Finding that some jurisdictions allow for elimination of parcels with only a line adjustment process, yet others are requiring the surveyor split this process into two independent transactions.
In a twist of the property line adjustment process, a 5 parcel contiguous tract of land had been adjusted in 2008 into 2 parcels with new metes descriptions on the exterior of each parcels, the present day deeds reflect the new apparently consolidated exteriors. An adjoiner now wishes to acquire some additional land within the 2008 adjustment by a new adjustment. This transaction would not be possible unless the old consolidated parcels can be resurrected to eliminate some related zoning restrictions. The argument is the jurisdiction has both an adjustment and a consolidation code, the 2008 adjustment to failed to apply for a consolidation and therefore my client should not be estopped based on an improperly filed adjustment in 2008. The 2008 surveyor has retired.

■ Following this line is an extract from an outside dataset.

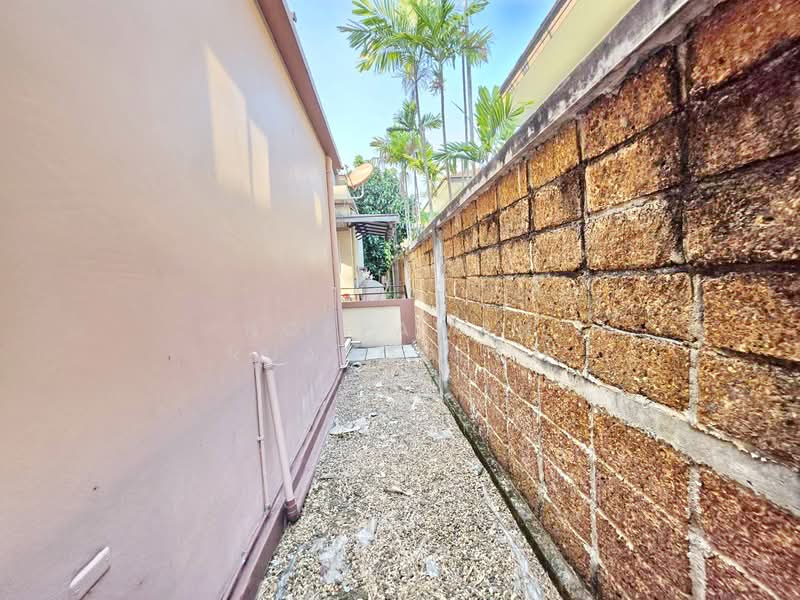 ขายบ้านเดี่ยว 2 ชั้น ม.ธาราดี ถนนนครอินทร์ ใกล้ The walk, Nonthaburi, Bang Khun Kong, Bang Kruai, Nonthaburi, 2 Bedrooms, 180 sqm, Single Detached House For Sale, by Noppawan Ruangdech, 9104443 - DDproperty.com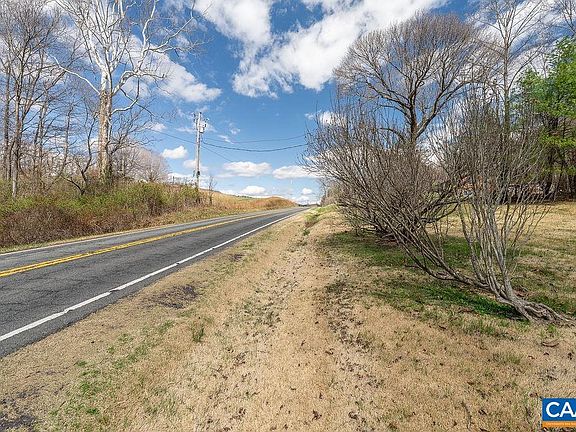 3rd image of 1380 S F T Valley Rd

I would think that the landowner of the 2008 adjusted parcels would be estopped from now claiming that the properties were not consolidated or redivided into the configuration of the 2008 map. If it weren't now in the landowners' interests to move forward with the adjustment now being contemplated, or if the 2008 configuration were still considered by them to be in their interest, would they be trying to deny the effect of the 2008 adjustment?
Your point is well taken. It is only that the 2008 consolidation was not in conformance with applicable municipal code and the failure was in the oversight by the City that we were able to skirt around the estoppel issue. Now if my client would somehow benefit from the errant consolation would I leave a sleeping dog lie? You ask a hard question.